DIRECTIONS —
Give the data back exactly. Leave out any images.

DATASET EXCERPT —
#####

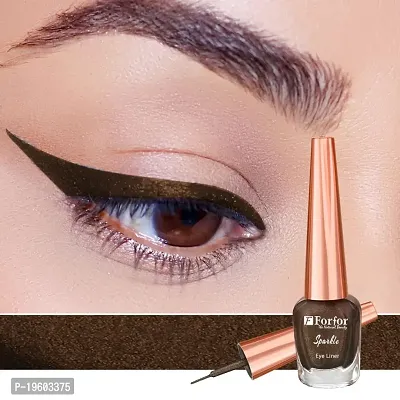 FORFOR Sensational Liquid Glitter Eyeliner Smudge-Proof and Water Proof 7 ml Each (Combo of 2, Grey, Brown)-thumb2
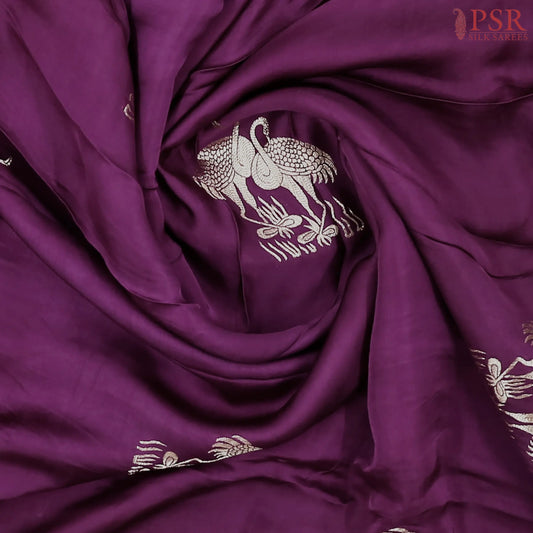 Burgundy Banarasi Habutai Satin Saree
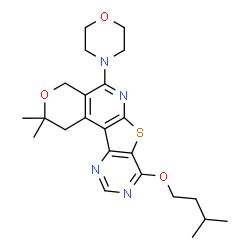 ChemSpider 2D Image | 2,2-Dimethyl-8-(3-methylbutoxy)-5-(4-morpholinyl)-1,4-dihydro-2H-pyrano[4'',3'':4',5']pyrido[3',2':4,5]thieno[3,2-d]pyrimidine | C23H30N4O3S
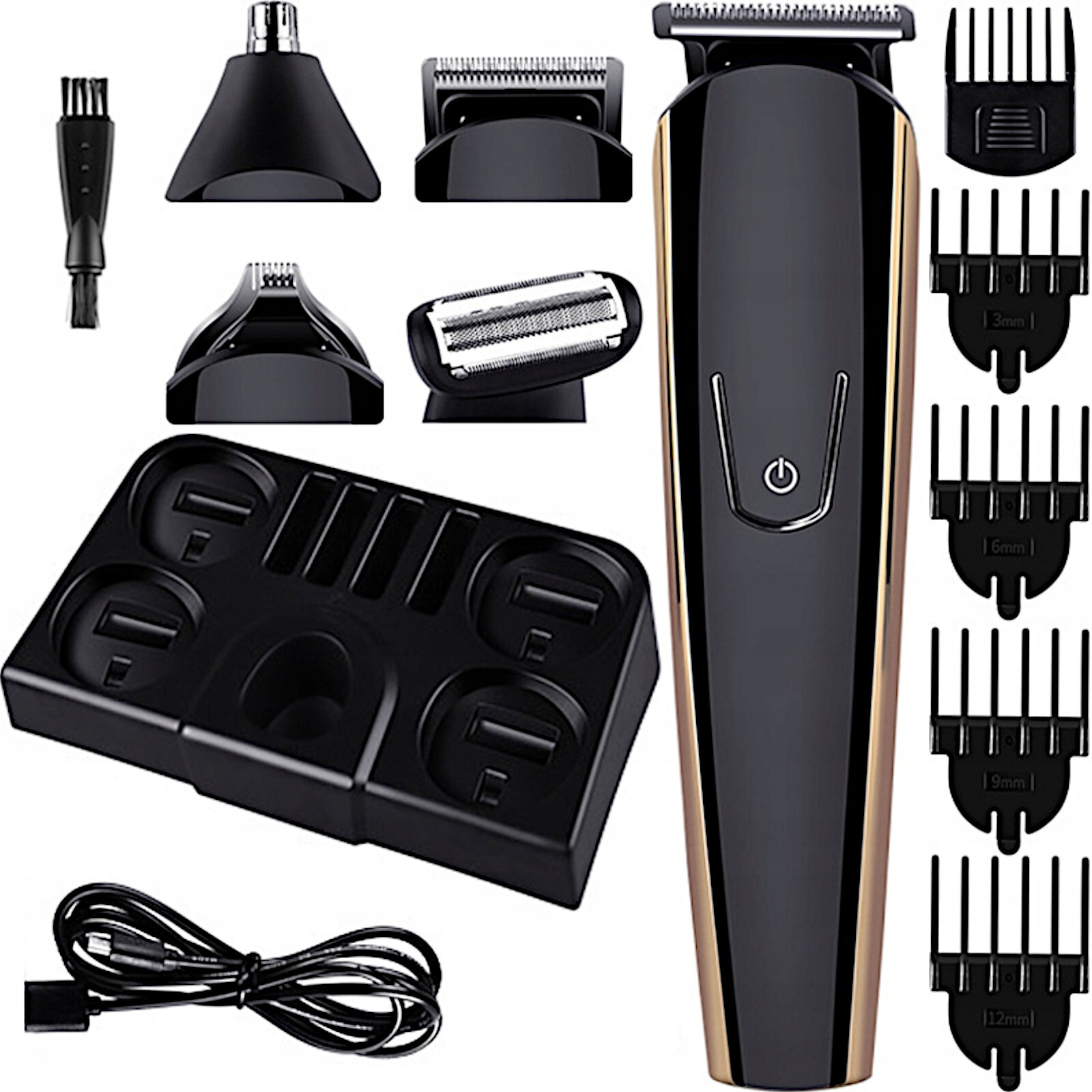 Stříhací strojek na vlasy vousů, zastřihovač 9 nástavců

#####

WRITTEN SOLUTION —
 FORFOR Sensational Liquid Glitter Eyeliner Smudge-Proof and Water Proof 7 ml Each (Combo of 2, Grey, Brown)-thumb2
 Burgundy Banarasi Habutai Satin Saree
 ChemSpider 2D Image | 2,2-Dimethyl-8-(3-methylbutoxy)-5-(4-morpholinyl)-1,4-dihydro-2H-pyrano[4'',3'':4',5']pyrido[3',2':4,5]thieno[3,2-d]pyrimidine | C23H30N4O3S
 Stříhací strojek na vlasy vousů, zastřihovač 9 nástavců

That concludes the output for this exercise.